San Marcos Greenbelt Alliance •  107 E. Hopkins St. Suite 121A; San Marcos, Texas 78666

The Loop


My Getaway: A Conversation with Rich Warms

A native of Philadelphia, Rich Warms received his PhD in anthropology from Syracuse University and has been an anthropology professor at Texas State since 1988. Rich served in the Peace Corps in Burkina Faso (West Africa), and returned to Africa to do his anthropological fieldwork in Mali. Rich is the co-author of several books, including Anthropological Theory: An Introductory History (with Jon McGee) and Cultural Anthropology (with Serena Nanda). Rich loves to hike and travel. He was one of the original members of the San Marcos Trail Walkers meetup group and is one of the organizers of San Marcos Take a Hike. Rich has visited 37 countries and 49 states (still missing Hawaii).

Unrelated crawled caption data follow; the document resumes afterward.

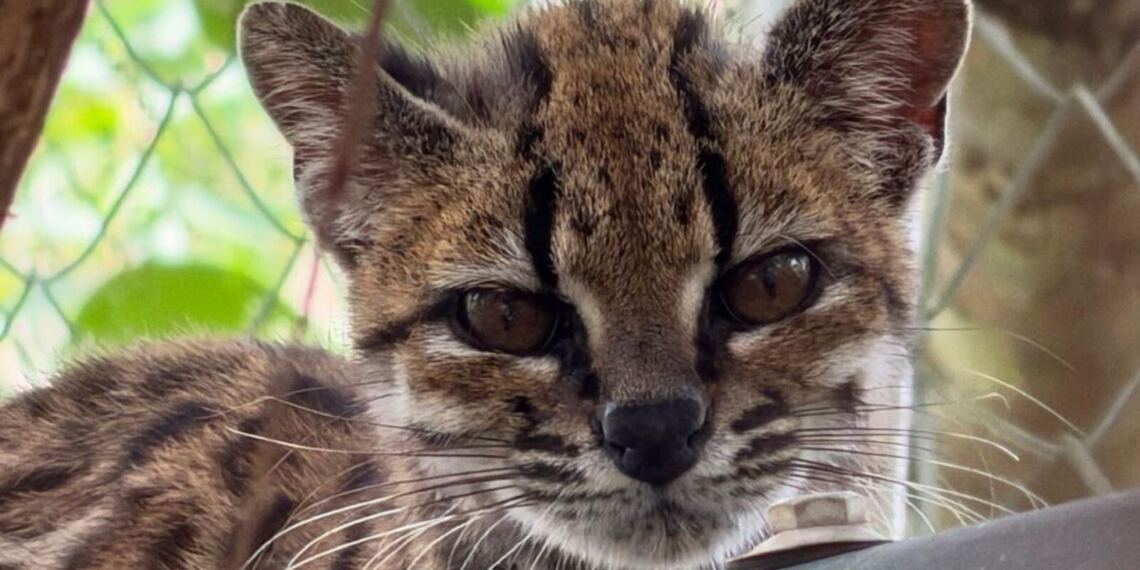 Descubren en Bolivia a la primera nueva especie de gato en 100 años: así es el Leopardus tilcayo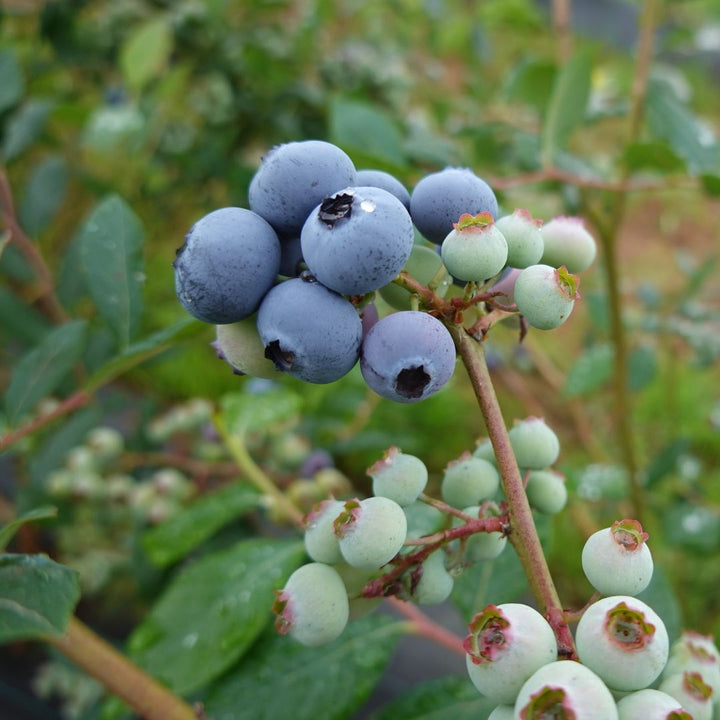 Fresh jumbo blueberries from Driscoll's in a 0.2kg pack, displayed in a clear container on a white background.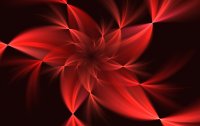 flor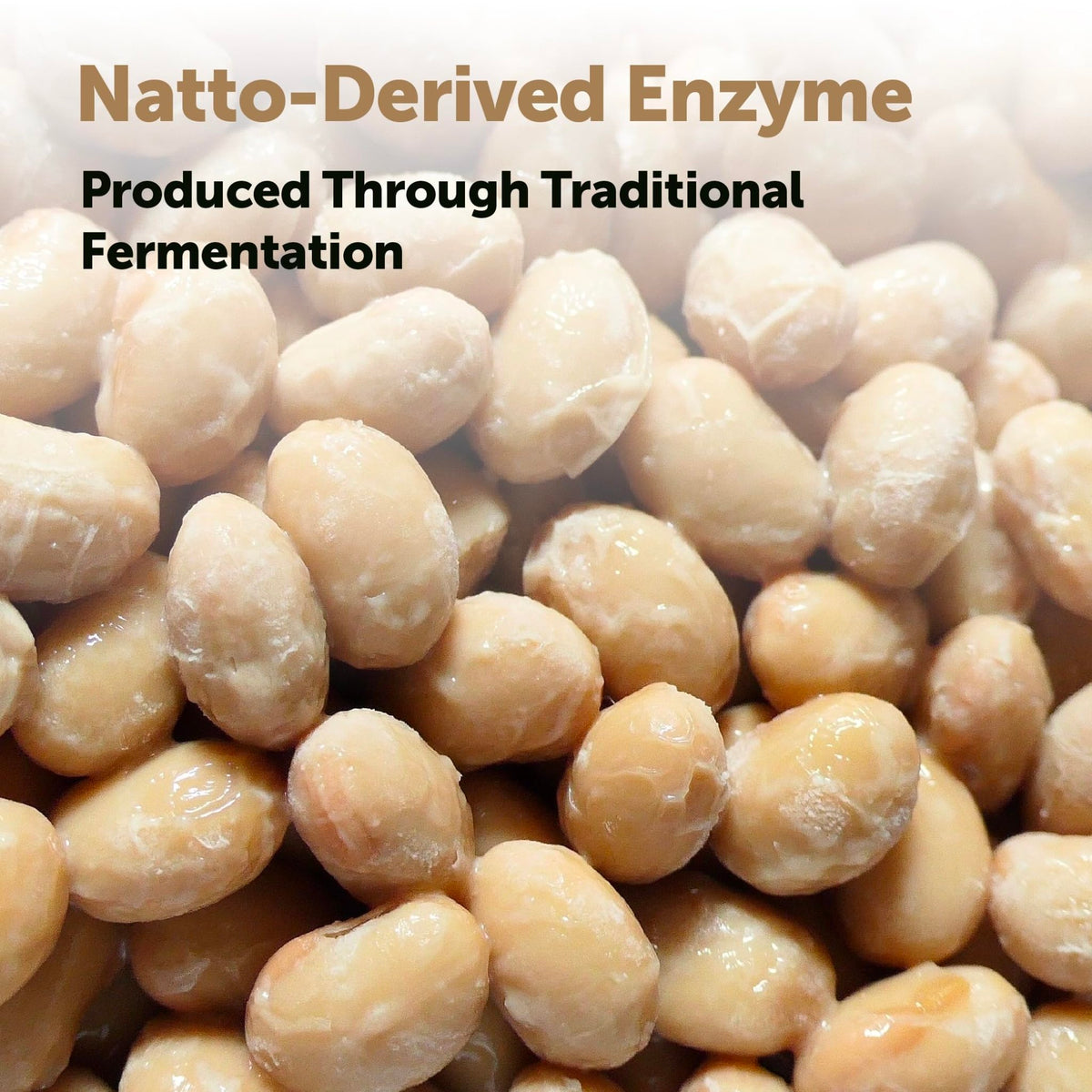 Micro Ingredients Nattokinase 10,000 FU Per Serving (Natural Natto Extract), 240 Vegetarian Capsules | with CoQ10, Turmeric, Aged Garlic & Pine Bark Extract - FENGGESTORE20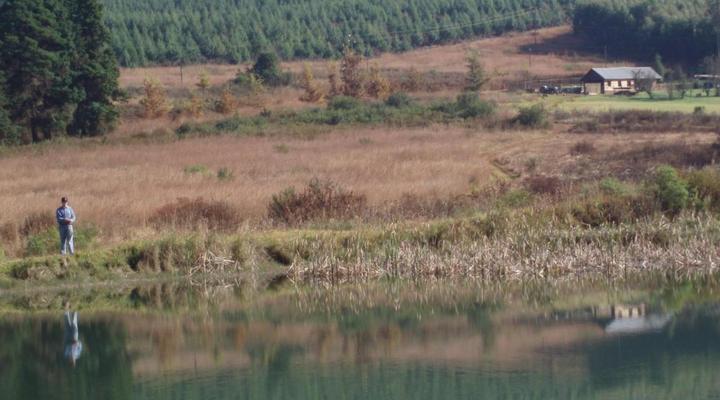 Gunyatoo Trout Farm & Guest Lodge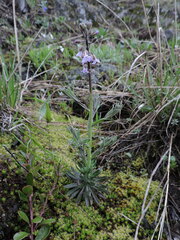 Boechera retrofracta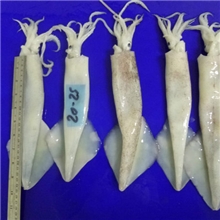 整条加州笔管鱼100%净重，1-2%的长重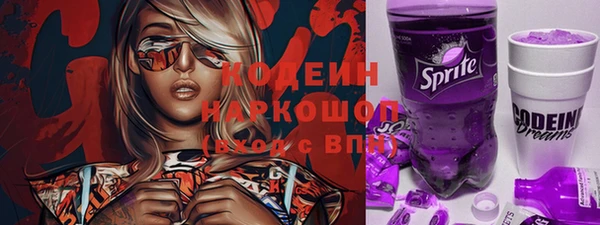 индика Арсеньев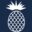 119ehartsdaleavenue3k.com favicon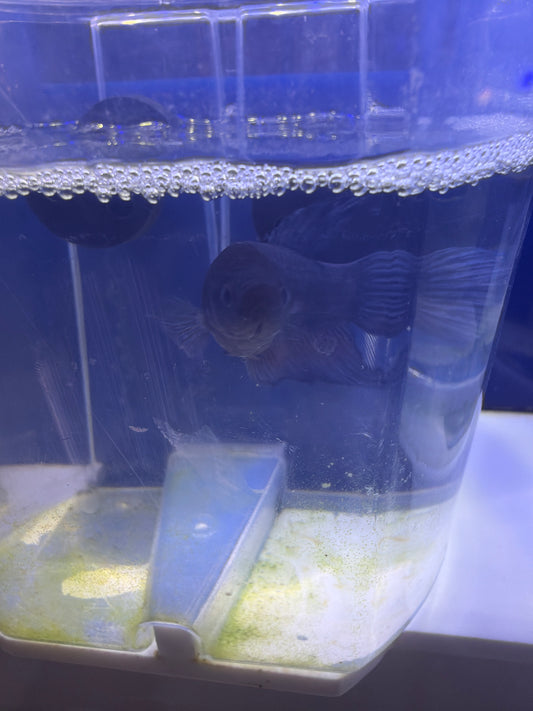 Betta - C2 Male Betta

Why do you value the natural areas?

I think that the natural areas are critical to our personal and our civic health. They preserve our environment and offer a break from the intensity of the city. They give us space to be outdoors in an area where nature is relatively free. This is especially important in a region like our own where, per capita, there is very little public land. The health benefits of being out in nature are well documented. The city benefits enormously, too. The greenspaces make San Marcos a much better place to live than would otherwise be the case. Economically, they draw people from throughout the area. I’ve known many cases of people driving an hour each way to come and hike our natural areas.

Who or what most influenced your view of the natural world?

I’ve always loved the woods, really from my earliest memories. The street where my childhood home was located ended in a greenspace, and from the time I was six or seven I played there (in those days, kids played unsupervised in the woods). As I grew older, I was fortunate to spend my summers in the Adirondack Mountains in New York, and then older still, traveled around the country visiting many of the National Parks. I started backpacking as a teen and continued to do it off and on for decades. When I was in college in Maine, I spent a lot of time in the mountains and at the coast. I read Edward Abbey and Aldo Leopold and I got to spend a little time with the poet Joseph Bruchac. I was also deeply influenced by friends I had then.

What is your favorite trail? What do you like about it?

I really like the rougher, rockier trails. I love going up and down hillsides and in and out of valleys. My two favorites are Paraiso in Purgatory and Grey Fox in Spring Lake. I am particularly appreciative of the routing work done on Grey Fox. It’s a really nicely designed trail.

What do you most enjoy doing when you visit the Greenbelt?

I spend almost all of my time hiking when I’m in the Greenbelt. I’m one of the organizers of the group San Marcos Take a Hike. I lead hikes every Sunday morning and I always look forward to doing it. You can easily find San Marcos Take a Hike on We have hikes every Saturday and Sunday morning, year round. We’re always glad for new members and new hikers.

What recommendations would you give new users of the trail?

On this…and any other trail you’re using for the first time…be sure to use your phone to take a picture of the map at the trailhead. And, of course, in the summer, make sure you’re carrying plenty of water, especially if you’re going out after 9 or 10 in the morning.